Both the line with "Amelia Ring mit" and the line with "Deluxe Room |" in the records below must appear in the output, along with every line between them, exactly and with nothing added.

══ Given information

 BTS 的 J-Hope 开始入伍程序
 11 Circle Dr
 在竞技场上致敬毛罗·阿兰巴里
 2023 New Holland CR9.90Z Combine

════
══ Given information

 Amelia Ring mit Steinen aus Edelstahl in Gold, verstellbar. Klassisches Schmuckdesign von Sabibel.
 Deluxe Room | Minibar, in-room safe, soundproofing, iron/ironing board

════

§ Answer section:
 Amelia Ring mit Steinen aus Edelstahl in Gold, verstellbar. Klassisches Schmuckdesign von Sabibel.
 Deluxe Room | Minibar, in-room safe, soundproofing, iron/ironing board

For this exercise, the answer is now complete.